| Problem to work on |
Output exactly the lines that come between the start of the material and the line containing "スタディング 弁理士 悪い口コミ", both ends included, with the pictures omitted.

| Material to process |

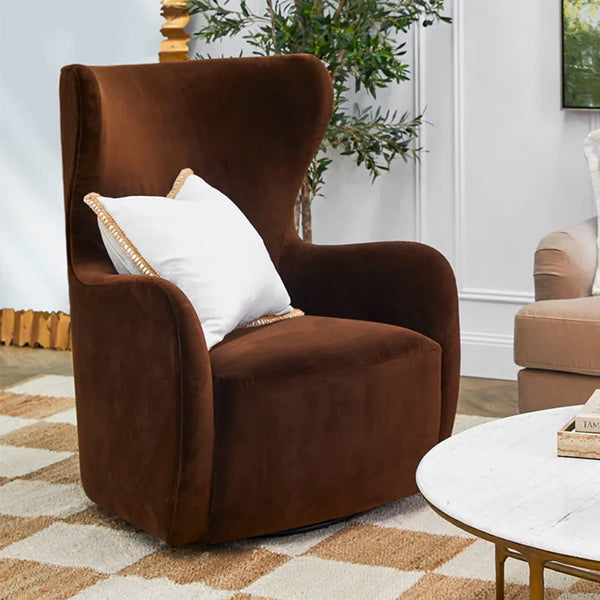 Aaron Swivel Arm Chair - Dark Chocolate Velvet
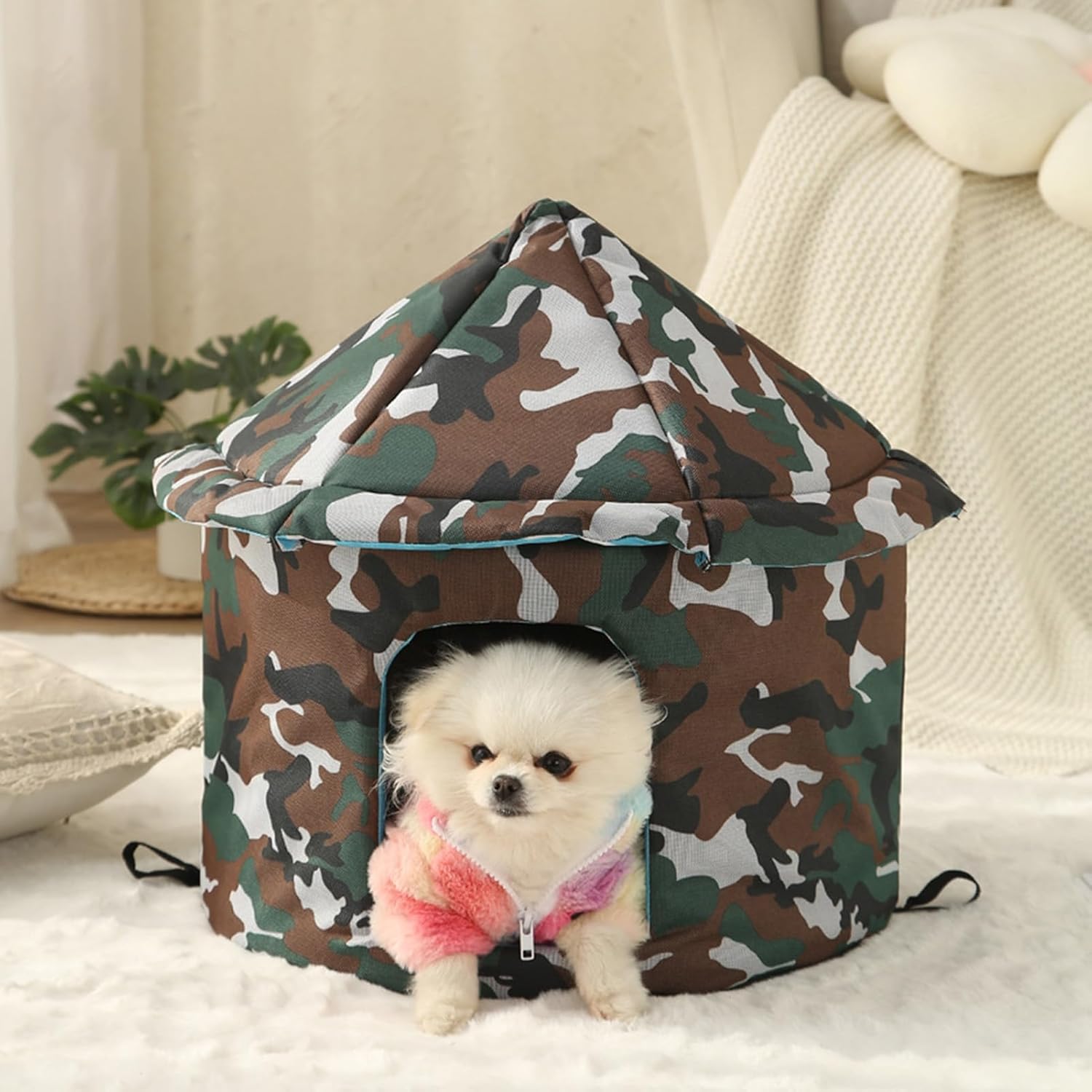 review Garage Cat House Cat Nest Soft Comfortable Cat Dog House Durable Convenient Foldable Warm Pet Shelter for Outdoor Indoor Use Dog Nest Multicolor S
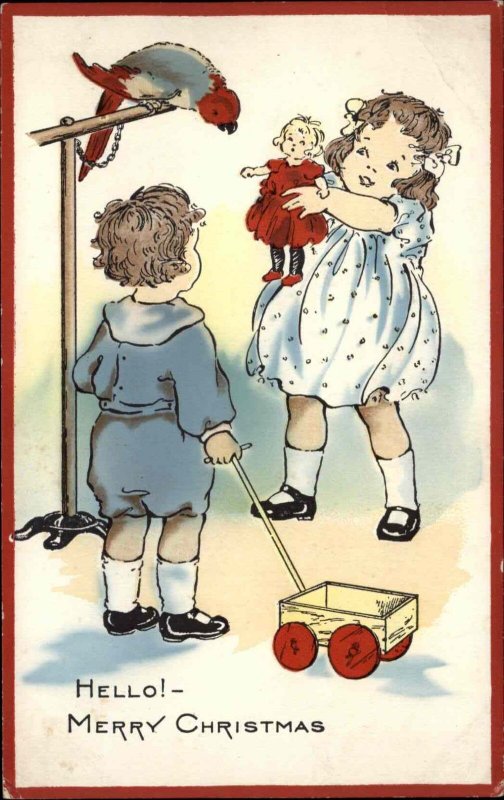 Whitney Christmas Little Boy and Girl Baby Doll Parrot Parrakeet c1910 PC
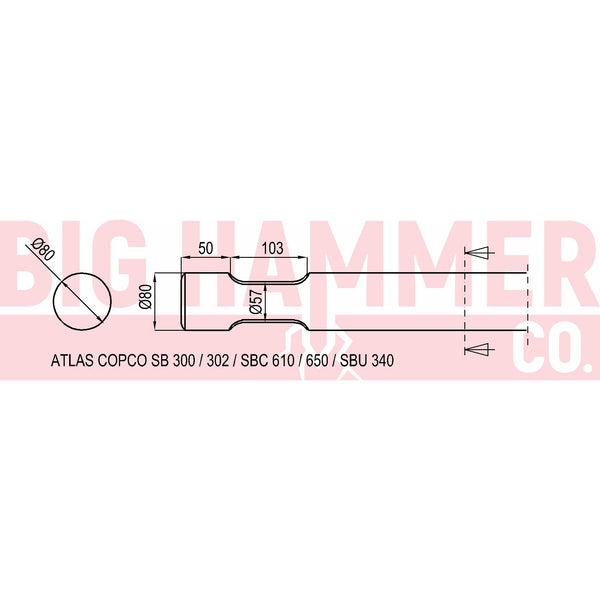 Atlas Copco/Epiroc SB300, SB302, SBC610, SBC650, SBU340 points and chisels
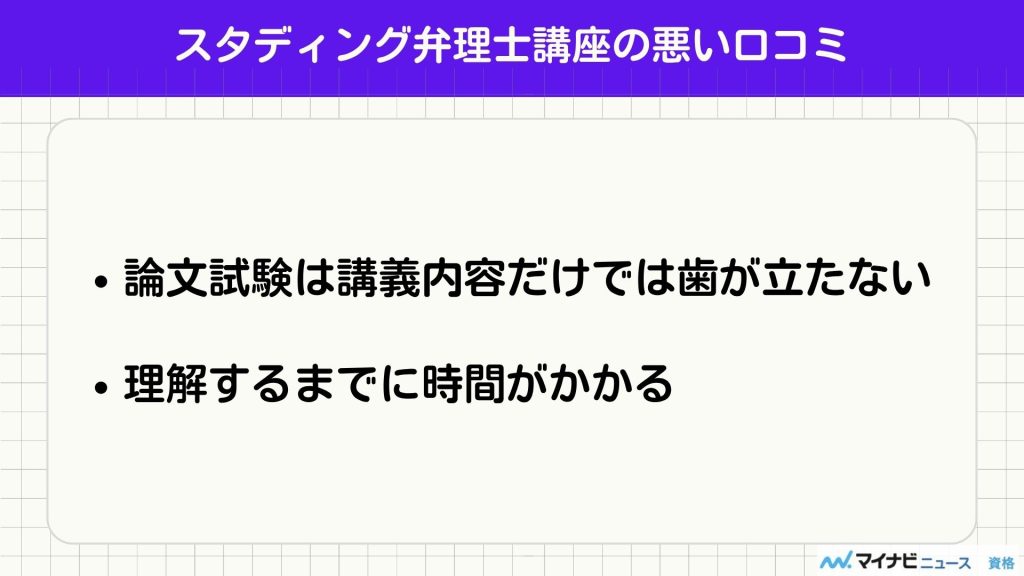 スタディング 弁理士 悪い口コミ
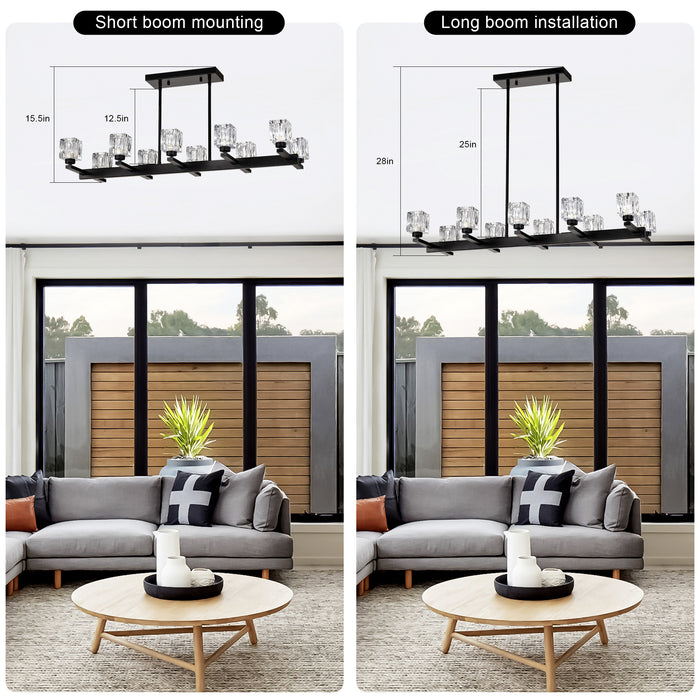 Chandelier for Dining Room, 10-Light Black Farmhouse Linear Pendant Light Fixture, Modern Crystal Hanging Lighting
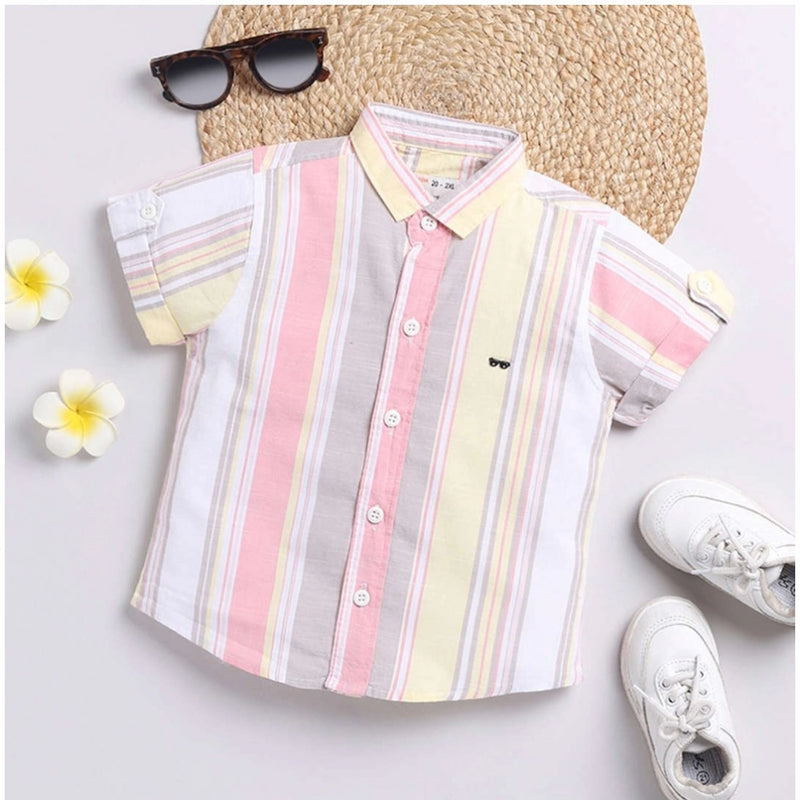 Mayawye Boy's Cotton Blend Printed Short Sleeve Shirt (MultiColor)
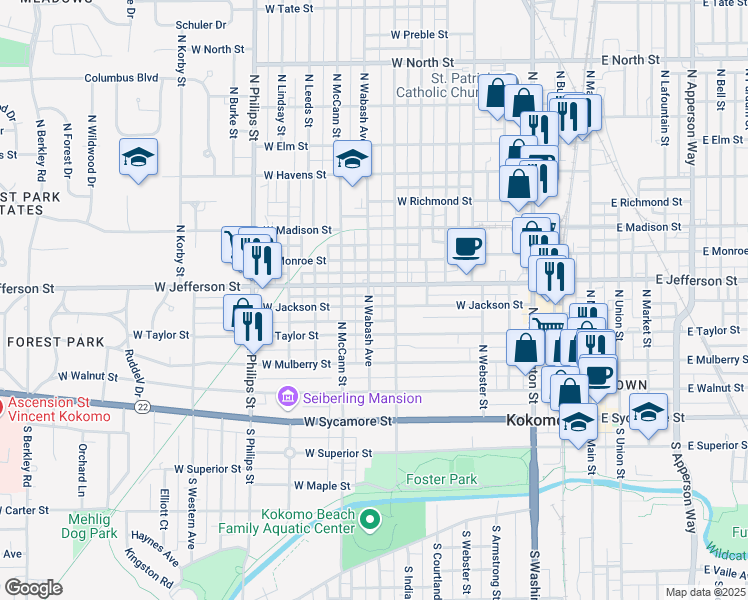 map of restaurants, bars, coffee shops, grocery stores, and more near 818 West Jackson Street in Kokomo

| Written reply |
 Aaron Swivel Arm Chair - Dark Chocolate Velvet
 review Garage Cat House Cat Nest Soft Comfortable Cat Dog House Durable Convenient Foldable Warm Pet Shelter for Outdoor Indoor Use Dog Nest Multicolor S
 Whitney Christmas Little Boy and Girl Baby Doll Parrot Parrakeet c1910 PC
 Atlas Copco/Epiroc SB300, SB302, SBC610, SBC650, SBU340 points and chisels
 スタディング 弁理士 悪い口コミ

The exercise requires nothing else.